Image from WTAE 4 ABC.
Sasso recounts, “For students who have grown up with online shopping, cell phones and life on demand, the items inside felt like artifacts.” She quotes Rylan Steininger: “It makes it seem like everything was, like, more joyful back then, kind of,” Ryland said.
My Own Time Capsule 2000. Yes, Ryland, I know exactly what you mean. Indeed, I have another name for my own Time Capsule 2000: home. Here are tidbits gleaned from merely looking around this place.
Preparing for Y2K. Late in the last century (how quaint this sounds today!), I assembled a “Technology Update Y2K: Doomsday or Melodrama?,” R&T, May 1999. Kids these days have more than enough to fret about, but there were people back then getting all wacko about a general collapse of our world with the year 2000.

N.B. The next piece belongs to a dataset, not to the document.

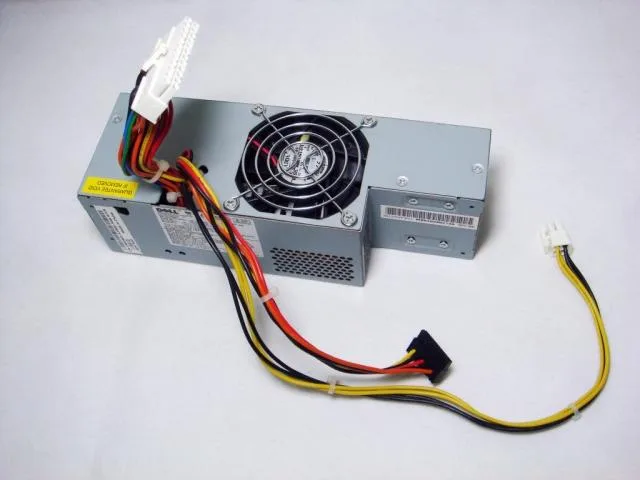DELL DELL N275P-00 275W power supply — product photo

A wonderful image by Guy Billout from R&T, May 1999.
Two callouts from the article sum up my personal prediction: “There’s a website offering $100 for any documented proof of a Y2K-related automobile failure; none has appeared as yet.” What’s more, “And does it come as any surprise that lawyers have had seminars on how to profit from Y2K?”

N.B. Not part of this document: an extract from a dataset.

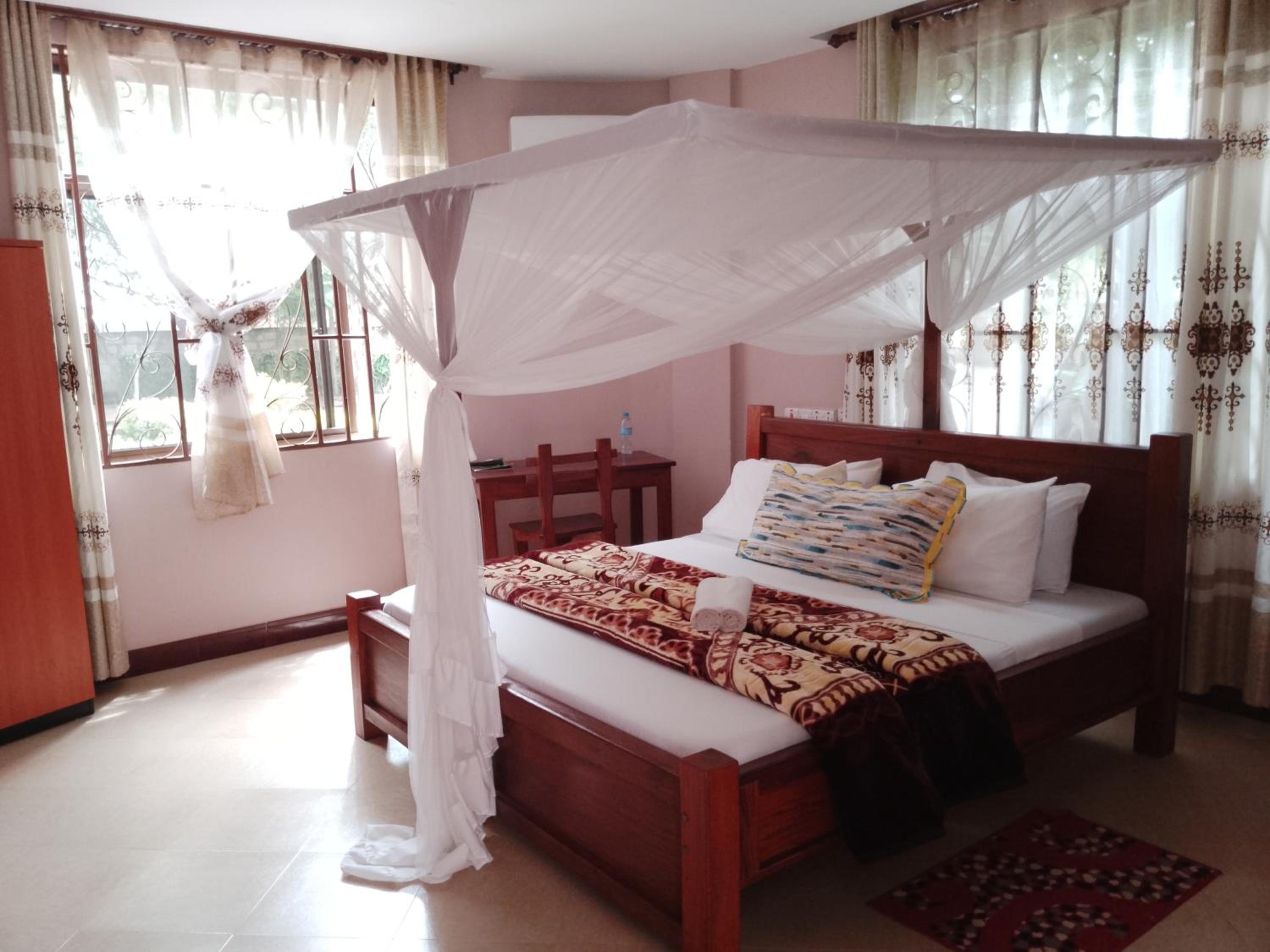 Deluxe Double Room photo 2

In retrospect, kids, Y2K was no big deal.
The Inaugural Indianapolis Grand Prix, 2000. We pretty much emptied out the office for this one. Road Test Editor Patrick Hong and I also took advantage of things by performing a virtual telemetry-based test of the Jaguar R1 Formula One car.

My first-corner vest from the event.
Hurrah for Travel! Working at R&T I was blessed with opportunities for world travel, T&E accounts of which occasionally exceeded my salary.

Two of more than a dozen.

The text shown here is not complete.